> **Given data**

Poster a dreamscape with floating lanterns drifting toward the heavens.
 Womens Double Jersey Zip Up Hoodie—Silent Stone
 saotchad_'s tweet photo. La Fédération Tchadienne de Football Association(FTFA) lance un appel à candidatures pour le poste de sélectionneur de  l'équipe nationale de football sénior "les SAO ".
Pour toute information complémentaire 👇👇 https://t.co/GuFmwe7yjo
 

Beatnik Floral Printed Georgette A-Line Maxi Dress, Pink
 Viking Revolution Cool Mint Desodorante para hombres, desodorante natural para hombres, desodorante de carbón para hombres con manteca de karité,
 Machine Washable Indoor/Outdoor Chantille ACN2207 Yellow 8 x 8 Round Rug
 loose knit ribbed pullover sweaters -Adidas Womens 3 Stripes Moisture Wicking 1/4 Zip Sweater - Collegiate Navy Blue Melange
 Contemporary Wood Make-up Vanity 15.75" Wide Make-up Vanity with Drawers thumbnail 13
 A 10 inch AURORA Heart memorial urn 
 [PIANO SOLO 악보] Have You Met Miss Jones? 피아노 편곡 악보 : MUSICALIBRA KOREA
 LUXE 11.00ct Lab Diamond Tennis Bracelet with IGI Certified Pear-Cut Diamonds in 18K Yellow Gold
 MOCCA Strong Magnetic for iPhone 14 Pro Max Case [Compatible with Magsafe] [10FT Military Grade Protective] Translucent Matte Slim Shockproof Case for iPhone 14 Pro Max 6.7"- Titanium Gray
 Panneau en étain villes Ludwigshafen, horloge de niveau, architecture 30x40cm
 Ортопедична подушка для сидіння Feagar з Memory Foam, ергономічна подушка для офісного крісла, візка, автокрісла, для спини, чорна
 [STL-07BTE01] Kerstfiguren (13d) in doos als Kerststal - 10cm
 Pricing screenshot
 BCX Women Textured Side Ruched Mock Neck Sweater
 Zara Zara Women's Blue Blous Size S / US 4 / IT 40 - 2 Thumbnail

> **Exercise**
Give the number of lines above in which the word "Blue" appears, and nothing more.

> **Exercise result**
2